Goal of the exercise
In the records below, find the line with "HANDCRAFTED CUSTOM TRAVERTINE" and the line with "Montre en bois"; return exactly those lines and every line between them.

[Start of section]

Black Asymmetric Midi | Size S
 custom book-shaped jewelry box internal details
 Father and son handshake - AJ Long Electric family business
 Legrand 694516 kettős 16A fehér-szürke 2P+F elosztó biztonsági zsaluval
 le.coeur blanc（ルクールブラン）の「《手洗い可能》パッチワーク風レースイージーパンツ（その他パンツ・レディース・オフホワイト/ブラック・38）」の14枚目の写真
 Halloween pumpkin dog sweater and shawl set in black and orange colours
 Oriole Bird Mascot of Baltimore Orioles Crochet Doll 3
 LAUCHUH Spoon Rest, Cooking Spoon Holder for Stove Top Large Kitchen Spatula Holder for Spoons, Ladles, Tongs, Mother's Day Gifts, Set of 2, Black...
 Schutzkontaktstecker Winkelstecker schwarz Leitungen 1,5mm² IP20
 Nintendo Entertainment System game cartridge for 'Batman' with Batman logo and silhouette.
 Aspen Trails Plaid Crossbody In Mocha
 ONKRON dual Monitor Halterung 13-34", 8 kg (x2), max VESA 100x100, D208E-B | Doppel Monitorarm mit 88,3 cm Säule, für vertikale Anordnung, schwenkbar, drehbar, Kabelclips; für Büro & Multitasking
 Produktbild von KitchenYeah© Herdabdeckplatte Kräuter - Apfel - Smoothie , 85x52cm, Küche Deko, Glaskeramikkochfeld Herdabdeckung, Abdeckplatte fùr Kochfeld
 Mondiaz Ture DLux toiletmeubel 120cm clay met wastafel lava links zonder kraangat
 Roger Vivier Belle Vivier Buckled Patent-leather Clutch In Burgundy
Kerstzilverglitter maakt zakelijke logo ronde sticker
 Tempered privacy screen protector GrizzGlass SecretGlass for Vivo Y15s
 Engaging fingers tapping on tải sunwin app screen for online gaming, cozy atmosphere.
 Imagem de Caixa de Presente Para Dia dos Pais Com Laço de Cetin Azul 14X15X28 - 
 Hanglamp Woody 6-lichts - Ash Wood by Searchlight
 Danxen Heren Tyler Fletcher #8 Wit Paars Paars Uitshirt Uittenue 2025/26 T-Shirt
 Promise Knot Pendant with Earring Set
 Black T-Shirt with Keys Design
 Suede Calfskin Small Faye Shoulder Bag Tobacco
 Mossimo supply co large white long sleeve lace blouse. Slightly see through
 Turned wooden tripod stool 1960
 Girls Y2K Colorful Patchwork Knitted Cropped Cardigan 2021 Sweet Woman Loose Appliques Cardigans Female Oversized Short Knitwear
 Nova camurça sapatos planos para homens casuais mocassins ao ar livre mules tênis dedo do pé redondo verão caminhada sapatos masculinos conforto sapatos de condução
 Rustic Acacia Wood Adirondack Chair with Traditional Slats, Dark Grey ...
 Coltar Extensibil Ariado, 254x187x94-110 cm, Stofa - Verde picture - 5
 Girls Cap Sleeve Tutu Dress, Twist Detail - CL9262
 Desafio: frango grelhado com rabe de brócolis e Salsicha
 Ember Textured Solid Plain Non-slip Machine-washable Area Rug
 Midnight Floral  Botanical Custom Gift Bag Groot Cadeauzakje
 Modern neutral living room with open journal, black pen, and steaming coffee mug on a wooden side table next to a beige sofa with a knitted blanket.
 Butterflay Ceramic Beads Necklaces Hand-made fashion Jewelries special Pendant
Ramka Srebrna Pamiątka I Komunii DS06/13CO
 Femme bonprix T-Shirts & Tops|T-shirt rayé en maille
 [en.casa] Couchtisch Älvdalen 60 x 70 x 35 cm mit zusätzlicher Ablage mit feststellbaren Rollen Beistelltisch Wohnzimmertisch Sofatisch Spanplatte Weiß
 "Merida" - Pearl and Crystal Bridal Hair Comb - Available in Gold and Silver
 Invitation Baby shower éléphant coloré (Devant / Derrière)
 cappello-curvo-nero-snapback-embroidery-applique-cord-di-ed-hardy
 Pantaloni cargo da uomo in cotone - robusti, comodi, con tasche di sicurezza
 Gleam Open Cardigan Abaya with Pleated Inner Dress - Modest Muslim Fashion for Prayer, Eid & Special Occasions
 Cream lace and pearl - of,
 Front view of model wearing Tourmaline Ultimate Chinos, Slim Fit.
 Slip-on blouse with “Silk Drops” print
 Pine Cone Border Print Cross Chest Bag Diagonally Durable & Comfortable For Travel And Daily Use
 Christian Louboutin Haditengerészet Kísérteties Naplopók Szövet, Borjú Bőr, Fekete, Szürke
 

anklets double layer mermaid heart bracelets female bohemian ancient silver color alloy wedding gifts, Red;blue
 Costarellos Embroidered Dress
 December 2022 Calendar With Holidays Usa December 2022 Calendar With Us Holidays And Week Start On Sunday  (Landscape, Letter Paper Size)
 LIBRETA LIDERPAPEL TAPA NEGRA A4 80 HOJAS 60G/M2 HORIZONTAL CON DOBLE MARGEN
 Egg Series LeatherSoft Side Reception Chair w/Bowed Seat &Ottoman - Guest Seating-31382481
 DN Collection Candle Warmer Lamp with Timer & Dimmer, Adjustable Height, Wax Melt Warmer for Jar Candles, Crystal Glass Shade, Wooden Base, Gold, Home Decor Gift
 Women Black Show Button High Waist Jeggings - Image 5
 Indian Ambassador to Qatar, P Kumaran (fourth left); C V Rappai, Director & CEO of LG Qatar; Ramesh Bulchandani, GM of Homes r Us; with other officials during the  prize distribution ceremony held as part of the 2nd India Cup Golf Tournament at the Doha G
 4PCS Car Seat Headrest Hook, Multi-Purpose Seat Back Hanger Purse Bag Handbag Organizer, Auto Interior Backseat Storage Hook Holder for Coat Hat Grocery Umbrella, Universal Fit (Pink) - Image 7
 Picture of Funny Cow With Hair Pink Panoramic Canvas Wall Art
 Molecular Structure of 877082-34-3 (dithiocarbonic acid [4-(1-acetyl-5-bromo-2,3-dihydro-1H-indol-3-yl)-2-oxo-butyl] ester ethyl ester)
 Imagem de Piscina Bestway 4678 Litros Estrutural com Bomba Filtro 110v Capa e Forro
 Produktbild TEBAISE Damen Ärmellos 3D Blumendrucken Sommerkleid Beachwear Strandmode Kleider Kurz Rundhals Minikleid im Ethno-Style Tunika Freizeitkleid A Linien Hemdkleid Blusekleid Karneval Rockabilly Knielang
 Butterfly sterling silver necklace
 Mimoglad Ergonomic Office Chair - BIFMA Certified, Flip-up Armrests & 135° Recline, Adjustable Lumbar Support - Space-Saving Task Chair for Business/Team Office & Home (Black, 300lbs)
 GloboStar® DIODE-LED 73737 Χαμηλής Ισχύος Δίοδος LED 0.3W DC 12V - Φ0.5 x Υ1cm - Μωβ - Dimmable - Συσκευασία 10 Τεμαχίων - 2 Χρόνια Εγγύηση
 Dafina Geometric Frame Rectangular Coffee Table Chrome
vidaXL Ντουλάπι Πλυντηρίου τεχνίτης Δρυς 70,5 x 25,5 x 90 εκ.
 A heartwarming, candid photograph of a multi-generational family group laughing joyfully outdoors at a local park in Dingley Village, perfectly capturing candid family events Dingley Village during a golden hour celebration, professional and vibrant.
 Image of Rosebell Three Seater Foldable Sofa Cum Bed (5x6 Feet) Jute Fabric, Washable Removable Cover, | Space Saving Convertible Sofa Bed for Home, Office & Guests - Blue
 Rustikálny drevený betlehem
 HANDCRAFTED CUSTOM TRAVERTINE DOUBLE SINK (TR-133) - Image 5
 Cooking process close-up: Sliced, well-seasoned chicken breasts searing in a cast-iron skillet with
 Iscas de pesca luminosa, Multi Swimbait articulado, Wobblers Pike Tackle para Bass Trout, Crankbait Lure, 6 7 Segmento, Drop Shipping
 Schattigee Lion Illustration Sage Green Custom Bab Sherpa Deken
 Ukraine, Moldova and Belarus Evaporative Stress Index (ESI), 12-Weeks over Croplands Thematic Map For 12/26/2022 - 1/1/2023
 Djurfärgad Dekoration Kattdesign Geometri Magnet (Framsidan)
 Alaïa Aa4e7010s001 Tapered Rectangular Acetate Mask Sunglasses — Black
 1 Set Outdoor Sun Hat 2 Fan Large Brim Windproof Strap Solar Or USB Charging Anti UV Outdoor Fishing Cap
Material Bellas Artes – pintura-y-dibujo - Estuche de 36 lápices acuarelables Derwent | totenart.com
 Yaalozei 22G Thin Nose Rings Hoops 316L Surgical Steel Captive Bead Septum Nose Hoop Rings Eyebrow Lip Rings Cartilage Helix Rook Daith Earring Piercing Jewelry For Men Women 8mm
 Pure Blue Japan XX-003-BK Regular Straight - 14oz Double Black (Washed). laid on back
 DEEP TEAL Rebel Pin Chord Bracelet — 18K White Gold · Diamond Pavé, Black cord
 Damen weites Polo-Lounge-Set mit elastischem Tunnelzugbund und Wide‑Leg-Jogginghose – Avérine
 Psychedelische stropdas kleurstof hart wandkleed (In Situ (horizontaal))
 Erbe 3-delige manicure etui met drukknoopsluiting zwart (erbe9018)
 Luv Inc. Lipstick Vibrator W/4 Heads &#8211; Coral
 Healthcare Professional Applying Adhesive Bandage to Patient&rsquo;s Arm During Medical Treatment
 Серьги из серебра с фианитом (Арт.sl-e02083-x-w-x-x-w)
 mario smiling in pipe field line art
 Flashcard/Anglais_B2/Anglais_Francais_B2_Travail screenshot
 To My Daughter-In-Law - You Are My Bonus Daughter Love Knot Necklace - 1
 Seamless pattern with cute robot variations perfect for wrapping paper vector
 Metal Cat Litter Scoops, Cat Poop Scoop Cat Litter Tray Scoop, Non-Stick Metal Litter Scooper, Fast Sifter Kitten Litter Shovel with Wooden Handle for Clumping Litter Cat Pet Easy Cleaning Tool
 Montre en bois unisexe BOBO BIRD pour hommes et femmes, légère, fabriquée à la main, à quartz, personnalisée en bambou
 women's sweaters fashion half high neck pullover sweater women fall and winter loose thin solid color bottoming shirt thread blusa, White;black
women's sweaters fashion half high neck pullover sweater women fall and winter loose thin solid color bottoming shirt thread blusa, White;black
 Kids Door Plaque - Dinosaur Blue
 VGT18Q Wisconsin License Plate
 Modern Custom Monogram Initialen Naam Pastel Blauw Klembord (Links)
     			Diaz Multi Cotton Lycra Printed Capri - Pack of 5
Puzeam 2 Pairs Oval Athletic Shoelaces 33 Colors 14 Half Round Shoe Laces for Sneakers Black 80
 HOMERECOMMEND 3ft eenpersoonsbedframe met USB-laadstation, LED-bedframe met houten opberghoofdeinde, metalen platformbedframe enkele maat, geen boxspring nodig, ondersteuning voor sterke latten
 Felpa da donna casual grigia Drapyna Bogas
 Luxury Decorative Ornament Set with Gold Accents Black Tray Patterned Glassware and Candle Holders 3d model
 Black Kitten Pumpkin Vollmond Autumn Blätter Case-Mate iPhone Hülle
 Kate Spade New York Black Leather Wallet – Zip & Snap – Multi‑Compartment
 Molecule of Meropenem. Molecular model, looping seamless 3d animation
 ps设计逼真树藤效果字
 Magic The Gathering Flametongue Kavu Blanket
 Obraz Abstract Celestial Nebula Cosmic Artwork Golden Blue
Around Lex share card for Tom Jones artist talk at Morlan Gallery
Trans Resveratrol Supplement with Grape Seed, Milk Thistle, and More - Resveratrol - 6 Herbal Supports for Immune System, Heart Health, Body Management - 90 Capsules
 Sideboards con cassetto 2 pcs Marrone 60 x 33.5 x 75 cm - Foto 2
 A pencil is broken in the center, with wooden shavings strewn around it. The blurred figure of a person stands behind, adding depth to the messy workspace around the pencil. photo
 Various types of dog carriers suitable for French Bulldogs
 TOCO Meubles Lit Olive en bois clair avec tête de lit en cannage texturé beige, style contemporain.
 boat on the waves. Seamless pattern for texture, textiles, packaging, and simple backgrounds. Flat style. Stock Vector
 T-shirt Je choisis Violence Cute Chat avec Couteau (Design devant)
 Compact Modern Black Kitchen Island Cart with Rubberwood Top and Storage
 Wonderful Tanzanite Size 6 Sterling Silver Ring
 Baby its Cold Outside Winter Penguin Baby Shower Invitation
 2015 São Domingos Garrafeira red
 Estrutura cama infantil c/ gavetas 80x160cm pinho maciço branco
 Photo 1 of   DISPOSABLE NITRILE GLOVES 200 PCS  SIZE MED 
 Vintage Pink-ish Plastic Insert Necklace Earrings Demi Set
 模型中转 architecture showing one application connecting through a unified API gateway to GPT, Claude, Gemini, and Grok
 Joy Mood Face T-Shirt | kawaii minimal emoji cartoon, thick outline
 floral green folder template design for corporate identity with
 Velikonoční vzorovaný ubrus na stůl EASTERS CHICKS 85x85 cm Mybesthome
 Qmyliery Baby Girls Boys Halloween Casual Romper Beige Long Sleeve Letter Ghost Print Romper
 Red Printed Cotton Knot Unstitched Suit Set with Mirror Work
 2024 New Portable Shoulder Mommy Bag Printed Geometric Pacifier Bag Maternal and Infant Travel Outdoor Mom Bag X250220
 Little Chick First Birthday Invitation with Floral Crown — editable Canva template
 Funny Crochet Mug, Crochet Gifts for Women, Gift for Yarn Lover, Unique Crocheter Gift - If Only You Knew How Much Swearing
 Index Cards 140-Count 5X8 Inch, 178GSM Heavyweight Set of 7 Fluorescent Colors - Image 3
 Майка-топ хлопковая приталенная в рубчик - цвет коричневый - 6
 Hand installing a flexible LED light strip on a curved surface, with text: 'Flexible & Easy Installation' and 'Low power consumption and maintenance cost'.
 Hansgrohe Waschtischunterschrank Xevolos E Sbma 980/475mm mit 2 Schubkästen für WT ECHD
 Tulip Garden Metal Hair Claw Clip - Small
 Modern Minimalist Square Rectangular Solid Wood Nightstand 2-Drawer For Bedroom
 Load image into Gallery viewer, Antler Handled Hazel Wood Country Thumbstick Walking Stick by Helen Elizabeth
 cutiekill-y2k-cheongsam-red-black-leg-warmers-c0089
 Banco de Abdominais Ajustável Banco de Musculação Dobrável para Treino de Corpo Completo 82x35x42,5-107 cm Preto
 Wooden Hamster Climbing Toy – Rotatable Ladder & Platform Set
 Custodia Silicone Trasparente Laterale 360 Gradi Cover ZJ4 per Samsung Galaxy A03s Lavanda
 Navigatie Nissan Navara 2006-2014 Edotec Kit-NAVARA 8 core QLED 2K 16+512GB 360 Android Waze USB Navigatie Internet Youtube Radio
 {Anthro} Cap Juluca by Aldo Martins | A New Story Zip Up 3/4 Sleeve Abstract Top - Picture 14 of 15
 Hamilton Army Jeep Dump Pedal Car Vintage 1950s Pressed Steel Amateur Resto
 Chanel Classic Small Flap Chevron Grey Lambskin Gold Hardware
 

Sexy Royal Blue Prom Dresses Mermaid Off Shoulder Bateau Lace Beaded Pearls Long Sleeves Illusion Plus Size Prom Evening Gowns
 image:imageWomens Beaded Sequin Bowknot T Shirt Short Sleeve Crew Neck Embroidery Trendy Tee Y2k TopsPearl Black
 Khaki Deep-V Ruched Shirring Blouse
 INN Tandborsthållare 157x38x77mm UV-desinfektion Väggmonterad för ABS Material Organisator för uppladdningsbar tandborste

[End of section]

Response for this exercise
 HANDCRAFTED CUSTOM TRAVERTINE DOUBLE SINK (TR-133) - Image 5
 Cooking process close-up: Sliced, well-seasoned chicken breasts searing in a cast-iron skillet with
 Iscas de pesca luminosa, Multi Swimbait articulado, Wobblers Pike Tackle para Bass Trout, Crankbait Lure, 6 7 Segmento, Drop Shipping
 Schattigee Lion Illustration Sage Green Custom Bab Sherpa Deken
 Ukraine, Moldova and Belarus Evaporative Stress Index (ESI), 12-Weeks over Croplands Thematic Map For 12/26/2022 - 1/1/2023
 Djurfärgad Dekoration Kattdesign Geometri Magnet (Framsidan)
 Alaïa Aa4e7010s001 Tapered Rectangular Acetate Mask Sunglasses — Black
 1 Set Outdoor Sun Hat 2 Fan Large Brim Windproof Strap Solar Or USB Charging Anti UV Outdoor Fishing Cap
Material Bellas Artes – pintura-y-dibujo - Estuche de 36 lápices acuarelables Derwent | totenart.com
 Yaalozei 22G Thin Nose Rings Hoops 316L Surgical Steel Captive Bead Septum Nose Hoop Rings Eyebrow Lip Rings Cartilage Helix Rook Daith Earring Piercing Jewelry For Men Women 8mm
 Pure Blue Japan XX-003-BK Regular Straight - 14oz Double Black (Washed). laid on back
 DEEP TEAL Rebel Pin Chord Bracelet — 18K White Gold · Diamond Pavé, Black cord
 Damen weites Polo-Lounge-Set mit elastischem Tunnelzugbund und Wide‑Leg-Jogginghose – Avérine
 Psychedelische stropdas kleurstof hart wandkleed (In Situ (horizontaal))
 Erbe 3-delige manicure etui met drukknoopsluiting zwart (erbe9018)
 Luv Inc. Lipstick Vibrator W/4 Heads &#8211; Coral
 Healthcare Professional Applying Adhesive Bandage to Patient&rsquo;s Arm During Medical Treatment
 Серьги из серебра с фианитом (Арт.sl-e02083-x-w-x-x-w)
 mario smiling in pipe field line art
 Flashcard/Anglais_B2/Anglais_Francais_B2_Travail screenshot
 To My Daughter-In-Law - You Are My Bonus Daughter Love Knot Necklace - 1
 Seamless pattern with cute robot variations perfect for wrapping paper vector
 Metal Cat Litter Scoops, Cat Poop Scoop Cat Litter Tray Scoop, Non-Stick Metal Litter Scooper, Fast Sifter Kitten Litter Shovel with Wooden Handle for Clumping Litter Cat Pet Easy Cleaning Tool
 Montre en bois unisexe BOBO BIRD pour hommes et femmes, légère, fabriquée à la main, à quartz, personnalisée en bambou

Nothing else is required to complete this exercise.